Introductions - Get off to a good start

Introduction of a presentation

Gentle introductions

This is where you warm up your audience with a few slides covering their prior knowledge or the status quo. Content on these slides should always be very simple or even familiar for your audience. This lets you slowly guide them to the core message of your presentation. Listeners must agree with all the points up until a challenge or complication is raised, along with any associated questions.

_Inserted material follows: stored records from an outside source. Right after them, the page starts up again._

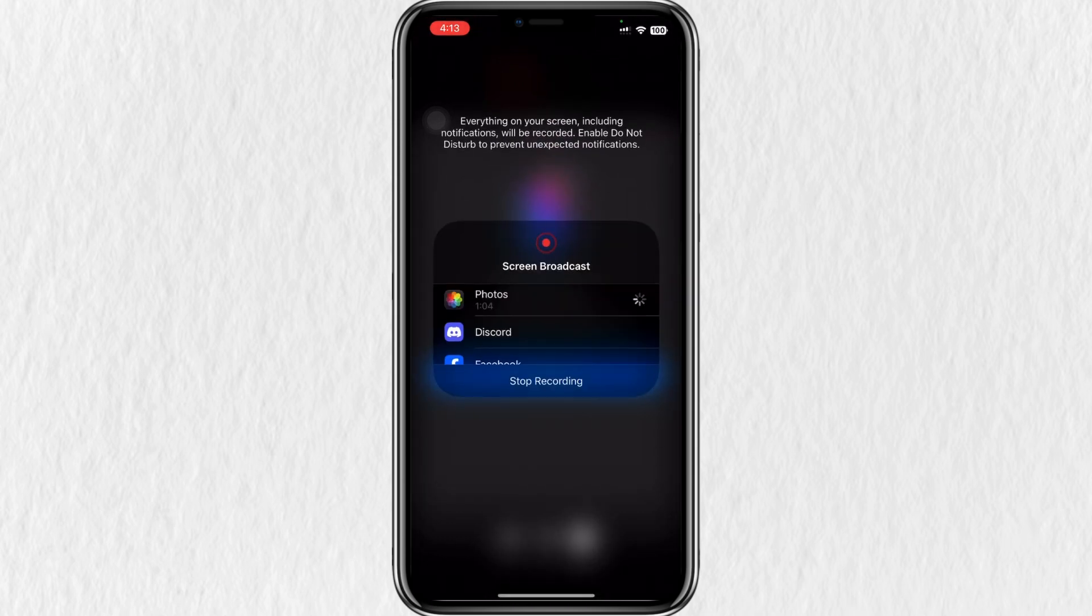You may be prompted with a message asking for confirmation to start recording or casting. Select Start Now.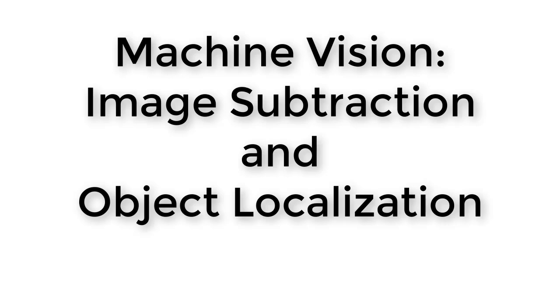Today we'll be going over a few simple mathematical operations that are particularly useful in machine vision. We'll start with image subtraction and we'll apply it in two different kinds of situations, both of them with the purpose of isolating a single object in an image. Then we'll look at a kind of averaging operation that will help us find the location of the isolated object.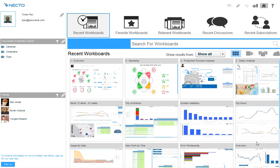We will now demonstrate Panorama Necto and the business intelligence capabilities it can give you. We will see an example of how different types of users can gain insight, analyze data, and easily collaborate with other users on the data presented. All this using a governed, fully web-based application that recommends to us what best steps to take next.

Gentle introduction structure

  1. Situation: The stable, known state. A brief overview of developments over recent months or years till now, or the current status.
  2. Complication: Something has happened or could happen. This indicates a possible change to the known situation.
  3. Question: How can or must we respond to this?

Powerful introductions

Start with a statement that surprises or shocks your listeners. This instantly grabs their attention and ensures they’ll want to hear more. The “shock” can be a statistic, a quote, a short story with a surprising outcome, a fascinating piece of information or even a thought-provoking question.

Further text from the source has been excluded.